Design:Review of data contained within the Illinois Trauma Registry encompassing the period from fall 1989 through spring 1991.
Participants:A total of 5,215 injured persons with an Injury Severity Score (ISS) >10, cared for in an Illinois level-I or -II trauma center outside of the city of Chicago.
Measurements:Injury severity expressed as ISS, scene time (ST), transport time (TrT), total emergency medical services time (TEMST), and outcome were determined for each patient. Patients were stratified into groups on the basis of ISS.

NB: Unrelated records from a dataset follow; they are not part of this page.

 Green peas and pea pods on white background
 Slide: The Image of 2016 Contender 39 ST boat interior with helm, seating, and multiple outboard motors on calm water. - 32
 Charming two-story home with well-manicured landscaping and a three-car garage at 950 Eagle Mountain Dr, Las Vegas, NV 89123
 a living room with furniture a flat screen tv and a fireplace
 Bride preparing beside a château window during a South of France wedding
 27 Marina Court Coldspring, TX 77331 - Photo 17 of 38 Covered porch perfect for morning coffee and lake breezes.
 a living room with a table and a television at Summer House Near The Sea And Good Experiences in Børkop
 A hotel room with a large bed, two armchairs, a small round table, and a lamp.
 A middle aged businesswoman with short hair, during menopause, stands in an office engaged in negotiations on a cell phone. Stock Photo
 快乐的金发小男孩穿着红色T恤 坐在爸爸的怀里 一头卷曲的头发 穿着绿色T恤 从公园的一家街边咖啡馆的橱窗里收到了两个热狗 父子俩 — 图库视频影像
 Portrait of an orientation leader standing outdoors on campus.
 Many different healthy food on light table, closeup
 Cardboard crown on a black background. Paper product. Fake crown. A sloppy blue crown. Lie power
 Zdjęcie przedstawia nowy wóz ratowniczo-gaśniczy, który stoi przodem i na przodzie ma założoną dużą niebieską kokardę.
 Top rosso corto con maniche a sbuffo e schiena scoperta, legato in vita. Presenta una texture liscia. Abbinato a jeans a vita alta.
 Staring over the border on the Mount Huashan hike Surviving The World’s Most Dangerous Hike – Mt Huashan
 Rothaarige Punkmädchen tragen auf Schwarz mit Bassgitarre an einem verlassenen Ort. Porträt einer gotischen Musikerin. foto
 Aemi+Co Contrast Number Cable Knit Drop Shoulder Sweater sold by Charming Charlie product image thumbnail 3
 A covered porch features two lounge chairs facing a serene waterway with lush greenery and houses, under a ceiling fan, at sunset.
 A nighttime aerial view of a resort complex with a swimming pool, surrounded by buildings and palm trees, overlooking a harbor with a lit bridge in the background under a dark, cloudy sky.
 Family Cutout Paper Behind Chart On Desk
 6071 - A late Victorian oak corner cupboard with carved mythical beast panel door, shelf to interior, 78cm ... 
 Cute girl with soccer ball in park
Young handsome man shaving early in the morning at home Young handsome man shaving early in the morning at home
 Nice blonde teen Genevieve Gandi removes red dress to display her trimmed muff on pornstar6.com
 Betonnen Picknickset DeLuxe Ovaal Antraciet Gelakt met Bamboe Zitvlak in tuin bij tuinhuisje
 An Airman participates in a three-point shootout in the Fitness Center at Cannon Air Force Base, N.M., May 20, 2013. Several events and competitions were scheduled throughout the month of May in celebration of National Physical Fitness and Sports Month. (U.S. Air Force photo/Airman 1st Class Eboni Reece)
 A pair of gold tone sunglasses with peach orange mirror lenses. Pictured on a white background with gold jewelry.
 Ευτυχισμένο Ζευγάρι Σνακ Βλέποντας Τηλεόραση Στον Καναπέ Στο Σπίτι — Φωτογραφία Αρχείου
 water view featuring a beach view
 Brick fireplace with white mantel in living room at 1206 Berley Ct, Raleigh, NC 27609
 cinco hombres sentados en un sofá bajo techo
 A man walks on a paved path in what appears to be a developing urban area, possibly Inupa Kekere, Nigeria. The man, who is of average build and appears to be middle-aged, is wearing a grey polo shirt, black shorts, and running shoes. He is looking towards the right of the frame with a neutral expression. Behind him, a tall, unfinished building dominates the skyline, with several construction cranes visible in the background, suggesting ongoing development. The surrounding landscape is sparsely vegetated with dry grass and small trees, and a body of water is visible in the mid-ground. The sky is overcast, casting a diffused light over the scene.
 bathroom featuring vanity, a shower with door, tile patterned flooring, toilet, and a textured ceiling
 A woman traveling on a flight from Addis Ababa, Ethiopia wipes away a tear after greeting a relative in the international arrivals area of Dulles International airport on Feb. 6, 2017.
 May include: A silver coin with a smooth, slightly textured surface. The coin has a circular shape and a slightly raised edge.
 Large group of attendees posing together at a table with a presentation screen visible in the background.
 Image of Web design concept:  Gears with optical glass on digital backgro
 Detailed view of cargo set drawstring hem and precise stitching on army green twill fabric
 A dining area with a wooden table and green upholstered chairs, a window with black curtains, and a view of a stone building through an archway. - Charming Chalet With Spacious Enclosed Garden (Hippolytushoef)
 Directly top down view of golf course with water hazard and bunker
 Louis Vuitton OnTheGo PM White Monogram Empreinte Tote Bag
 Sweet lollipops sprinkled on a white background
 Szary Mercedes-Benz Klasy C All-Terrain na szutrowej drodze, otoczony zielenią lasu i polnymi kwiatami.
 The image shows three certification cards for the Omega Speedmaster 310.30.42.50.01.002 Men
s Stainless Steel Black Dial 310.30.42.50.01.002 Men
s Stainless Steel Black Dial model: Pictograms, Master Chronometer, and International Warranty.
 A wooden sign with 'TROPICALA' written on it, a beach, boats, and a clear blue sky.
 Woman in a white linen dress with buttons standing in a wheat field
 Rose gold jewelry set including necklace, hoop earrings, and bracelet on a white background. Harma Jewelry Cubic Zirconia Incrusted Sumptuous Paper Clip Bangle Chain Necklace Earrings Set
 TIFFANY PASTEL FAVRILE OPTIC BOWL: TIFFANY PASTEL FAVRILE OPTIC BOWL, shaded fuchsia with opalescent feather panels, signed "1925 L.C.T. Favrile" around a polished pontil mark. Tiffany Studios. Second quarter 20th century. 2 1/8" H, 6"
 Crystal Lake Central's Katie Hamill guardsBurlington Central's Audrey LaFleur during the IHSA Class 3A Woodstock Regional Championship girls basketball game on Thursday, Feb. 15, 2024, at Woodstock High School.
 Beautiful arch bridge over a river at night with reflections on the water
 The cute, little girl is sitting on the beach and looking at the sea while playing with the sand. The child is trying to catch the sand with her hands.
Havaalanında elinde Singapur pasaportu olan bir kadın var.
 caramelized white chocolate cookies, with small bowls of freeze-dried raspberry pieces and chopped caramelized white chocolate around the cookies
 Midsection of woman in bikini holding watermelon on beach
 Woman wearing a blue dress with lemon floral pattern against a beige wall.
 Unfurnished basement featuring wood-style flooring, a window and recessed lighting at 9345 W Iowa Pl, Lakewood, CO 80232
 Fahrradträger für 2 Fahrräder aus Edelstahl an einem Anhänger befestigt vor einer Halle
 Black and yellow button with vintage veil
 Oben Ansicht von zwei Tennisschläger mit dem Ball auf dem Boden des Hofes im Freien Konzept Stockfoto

Results:Patient outcomes were significantly different statistically between ISS groups (p <0.001, X2). Mean ST and TEMST, but not TrT, were significantly different statistically between ISS groups (p <0.001, analysis of variance). Lower ISS was associated with longer times. Mean ST, TrT, and TEMST were significantly different statistically between survivors and nonsurvivors (p <0.001, two-sample t-tests). Survival was associated with longer times. Each of the mean times remained significantly different between survivors and nonsurvivors after controlling for severity of injury (p <0.001, two-way analysis of variance).
Conclusion:No PhTT beyond which time patient transport to the closest hospital would have decreased mortality was identifiable, because no prehospital time <90 minutes exerted a significant adverse effect upon survival.